While I don’t want to be hanging on to every decree issued by Marissa Mayer, I can’t help but feel compelled to join the developing furore over her latest comments. Marissa’s order that employees with work-at-home arrangements will be expected to work from Yahoo’s offices shortly has certainly been the subject of much debate. Richard Branson weighed in, calling this a sign of old school thinking while it was reported that New York Mayor Michael Bloomberg agreed with her decision, reportedly calling telecommuting “one of the dumber ideas I’ve ever heard.”
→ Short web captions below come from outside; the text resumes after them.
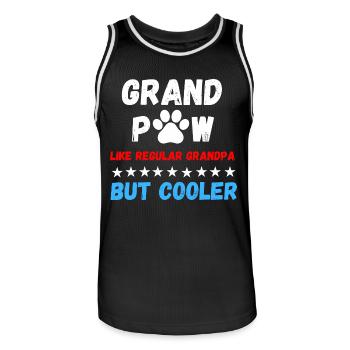 Père Grand-Père Grand-Père Fête des Pères Patte de Chien Cool - Maillot de basket Homme - noir/blanc - Devant - AI Model Male 185 dark (185cm)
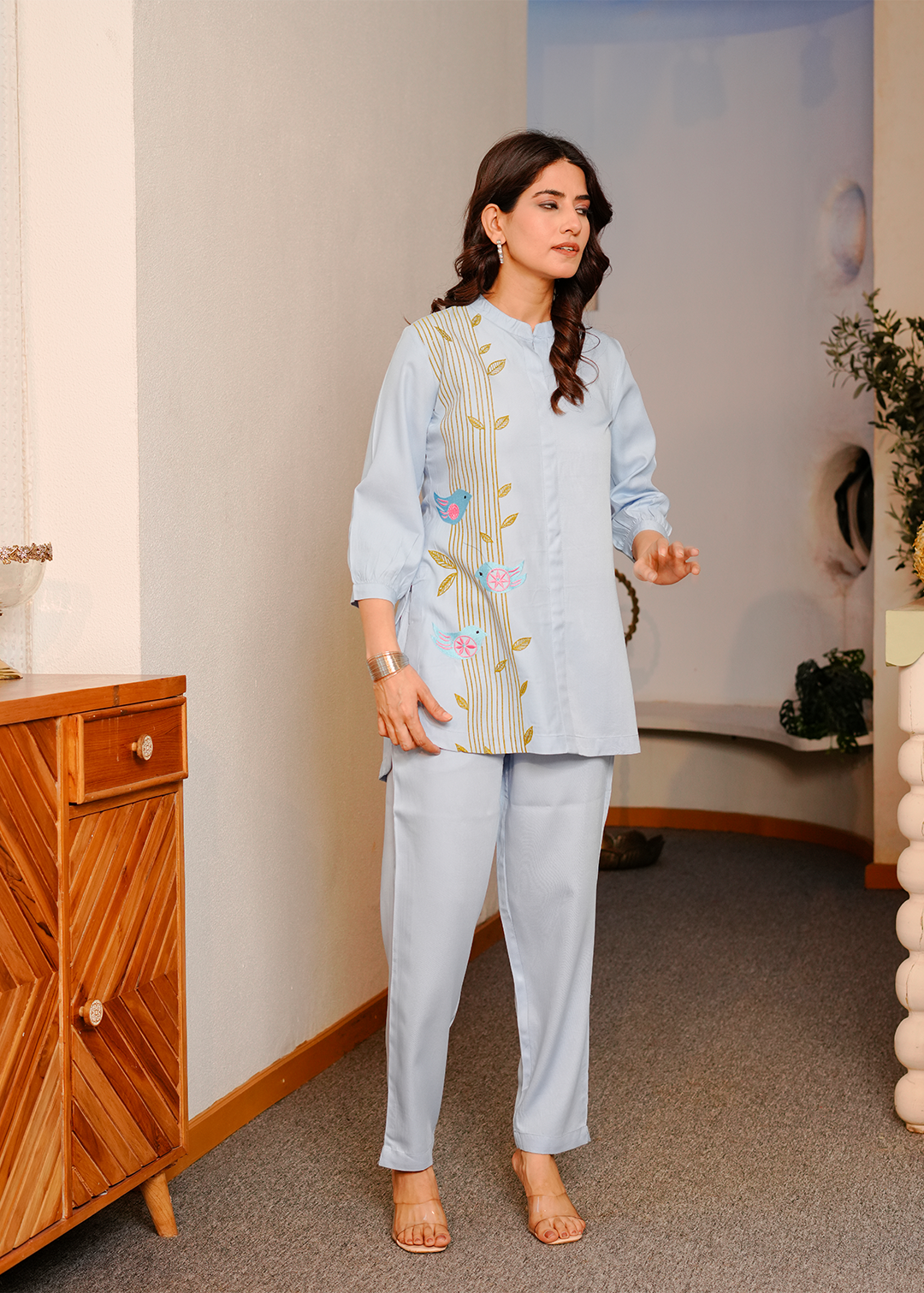 Powder blue Embroidered Co- ords Set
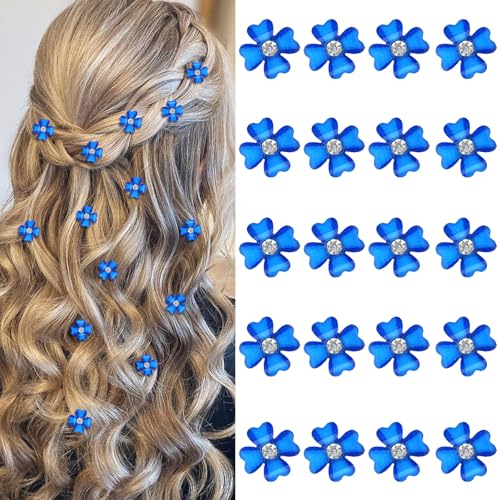 YISSION 20 Stück Mini-Haarspangen mit dunkelblauen Blumen und Strass, niedliche Haarnadeln, dekorative Haarspangen, Hochzeits-Haarspangen, Braut-Haarschmuck für Mädchen und Frauen von YISSION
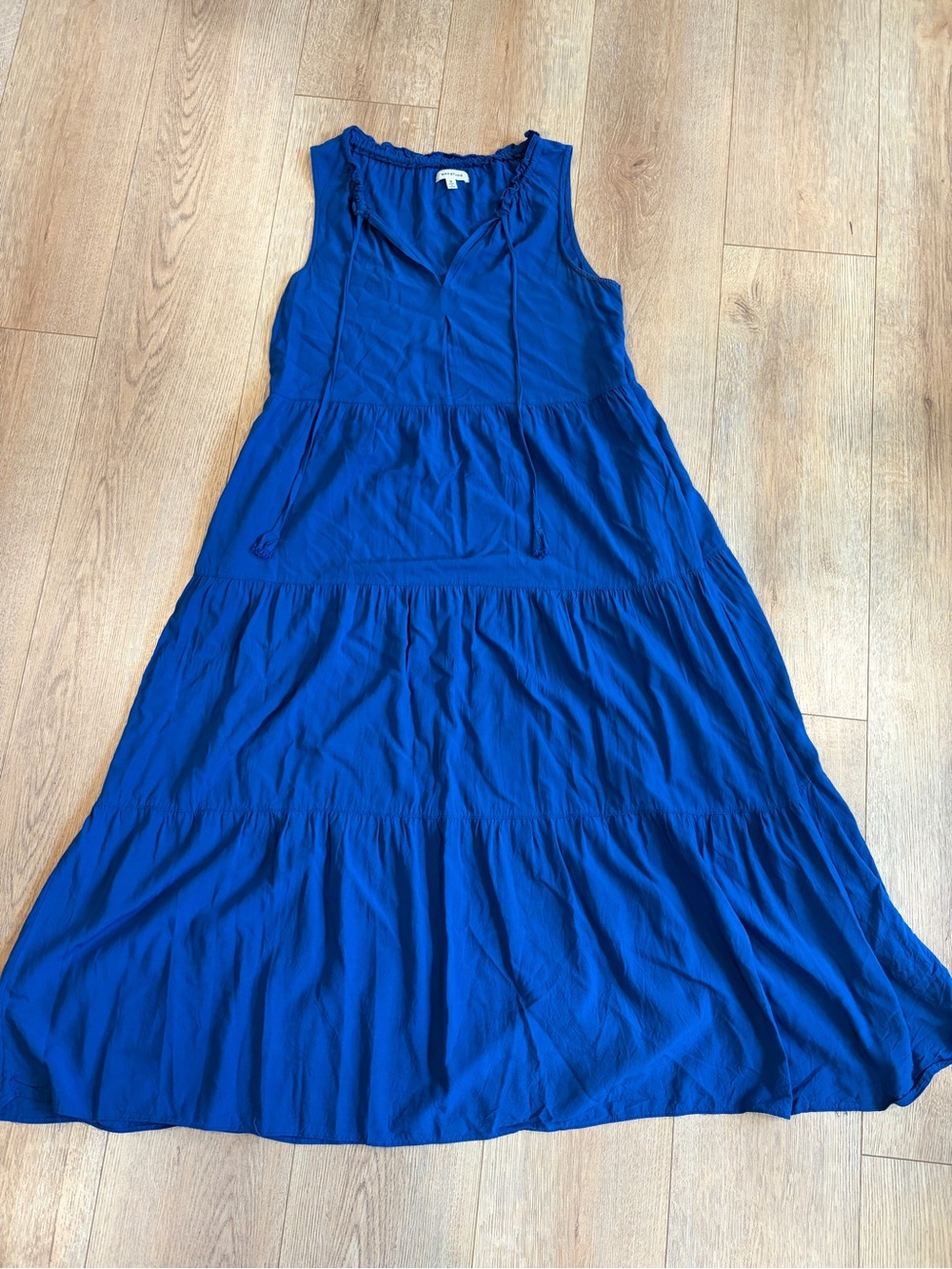 Max Studio Blue Tiered Maxi Dress Medium Sleeveless Boho Cottagecore
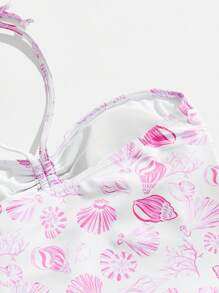 SHEIN MOD Women's Shell Print Beach Camisole & Bikini 2pcs Set - Baby Pink - View 5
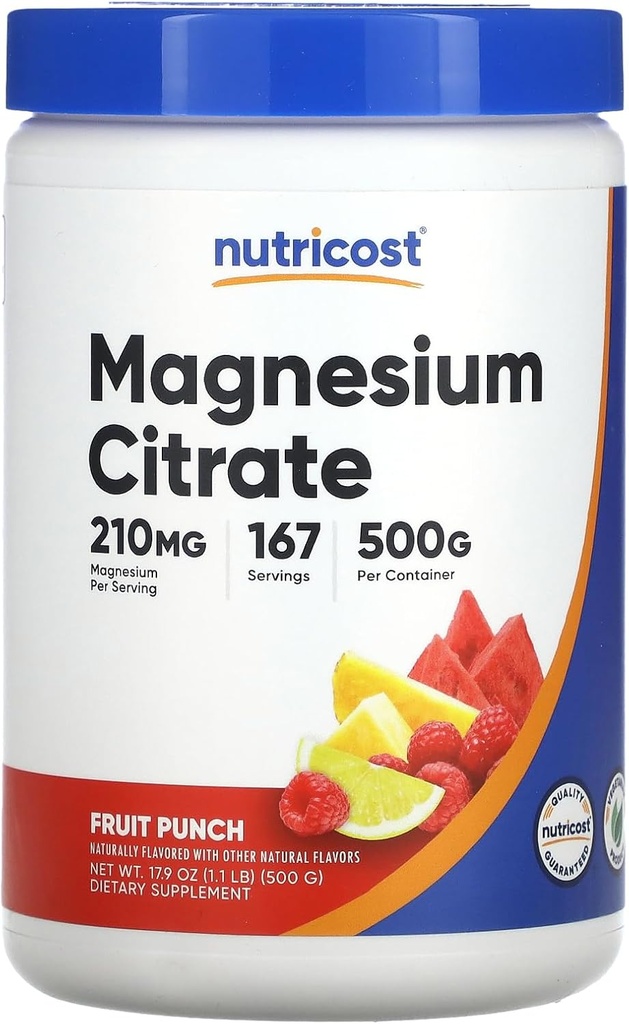 Nutricost Magnesium Citrate Powder (Fruit Punch, 500 Gram)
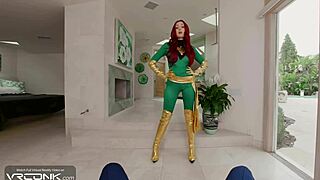 hey check phoenix rocking heels riding huge cock in x-men cosplay vr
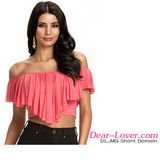 Fashion Pink Ruffles off-Shoulder Crop Tops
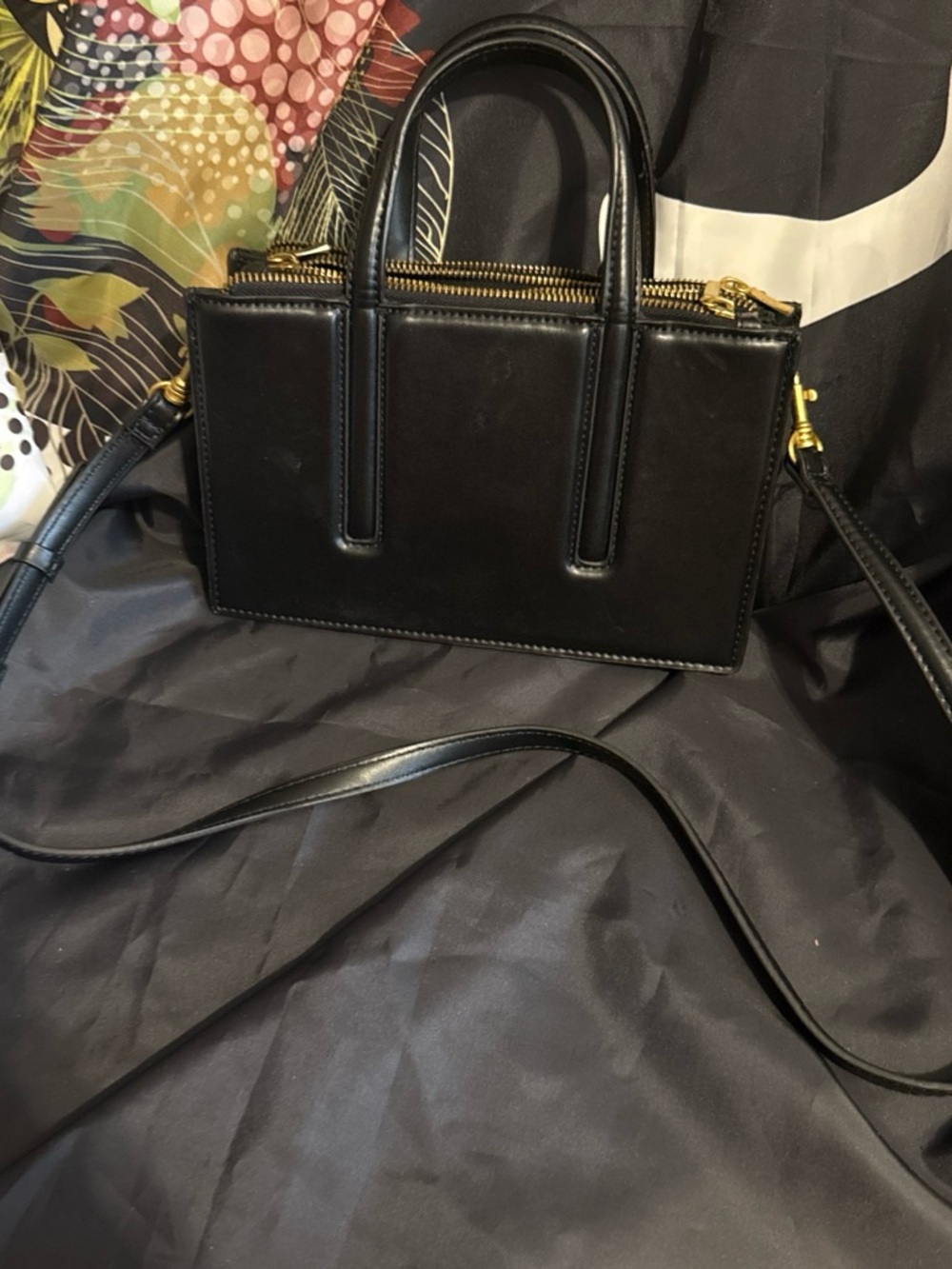 Zara Black Leather Crossbody Satchel with Gold Hardware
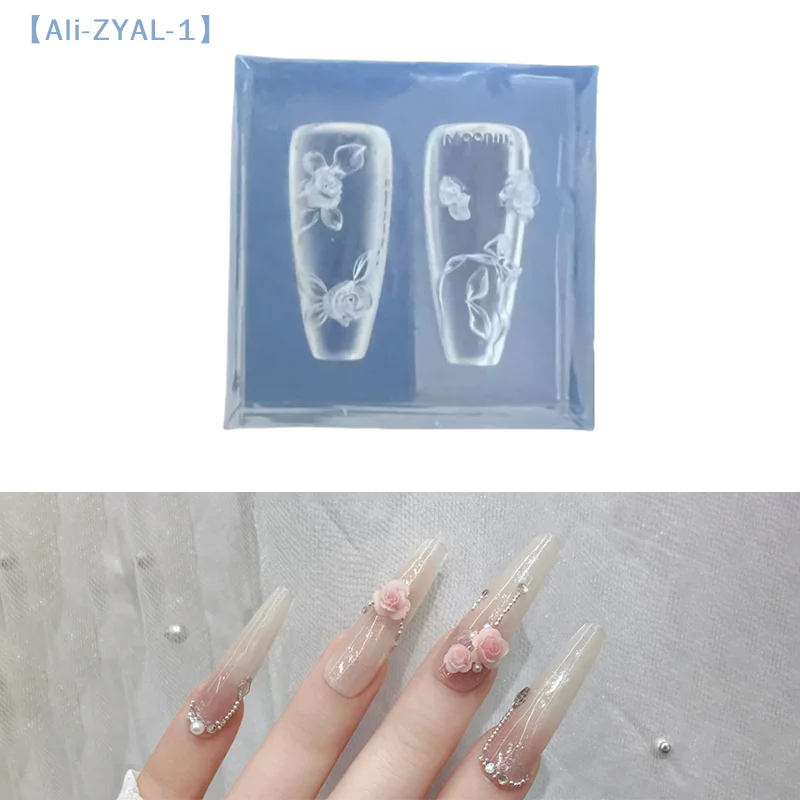 【ZYAL-1】Camelia 3D Bowknot Stampo per unghie in silicone Intaglio di fiori Piastra per timbratura Strumenti per stampi per manicure Decorazioni per nail art
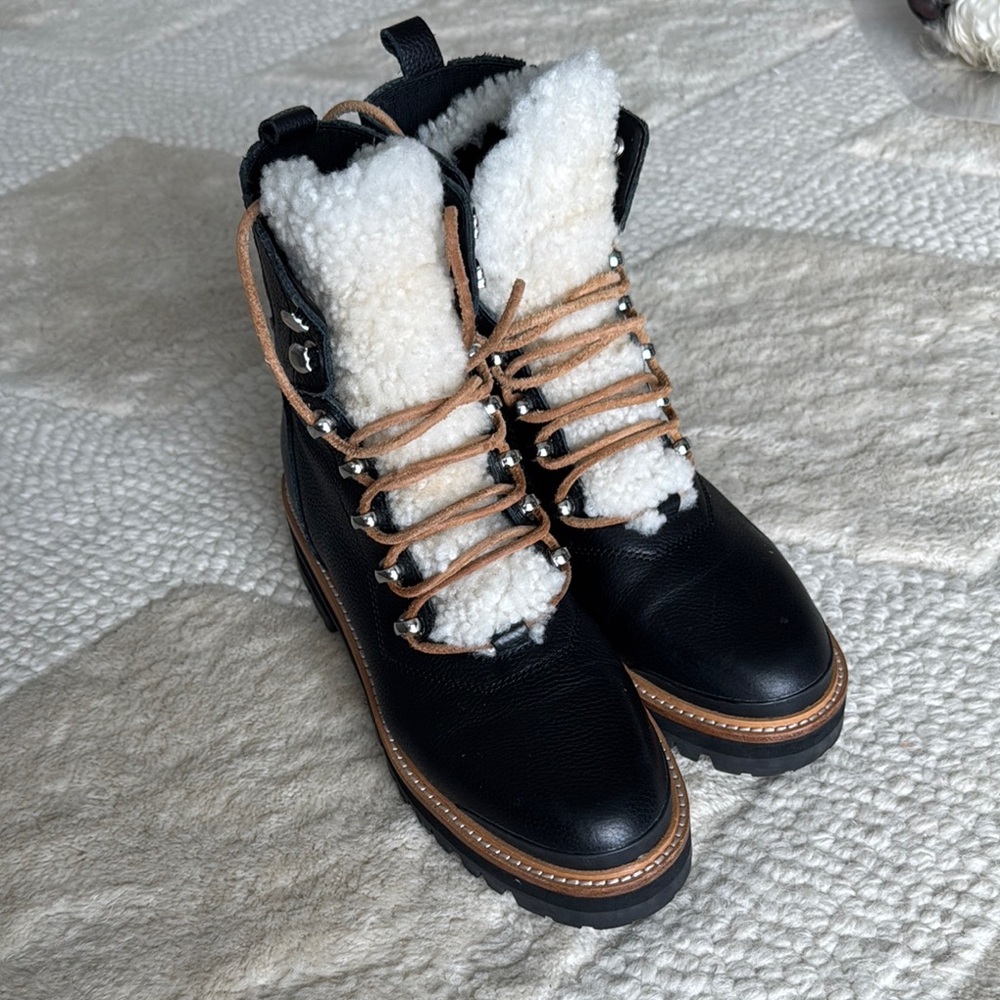Women's Black and Tan Shearling Boots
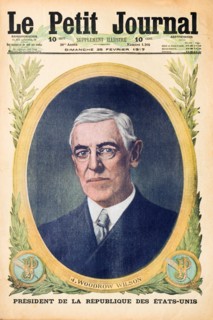 Le Petit Journal Illustrated Supplement (25-02-17): Front cover showing US President Thomas Woodrow Wilson (1856-1924)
Quite apart from the fact that this is coming from a tech company and at a time when we have an unprecedented ability to have technology and devices work in our favour and in a manner that best fits our needs, I think this sort of argument completely misses the boat. While I believe there should be room for a leader to drive results in a particular way, this sort of decision making doesn’t leave much flexibility, freedom and discretion with employees. Ultimately, people want to be trusted. People with ambition, spark and drive, people who have potential and those want want to be taken seriously and ought to be taken seriously should in all fairness, be allowed some leeway to decide on the manner in which they work.
We need to abandon the idea that there is a fixed way in which ideas, creativity and productivity will flourish and that we can force these in a given space. What would be better is if suggestions were made for more regular contact or to ensure a minimum level of contact between employees. But this kind of archaic thinking is the very kind of thinking that promotes the Dilbert culture.
We don’t want people staying at their desk because the boss has yet to go home. We don’t want people fooling around all day and getting cracking with their work towards the end of the day, simply because they have to put in the hours. And when we tell people that they need to come into the office every single day, when they need to ‘check in’ like this, it is not the most positive, inspiring kind of atmosphere that we create in the end.
When you focus on method and process far more than results, then sometimes you risk not being able to see the forest for the trees. After all, prescribing that people clock in is absolutely no guarantee of results, don’t you think?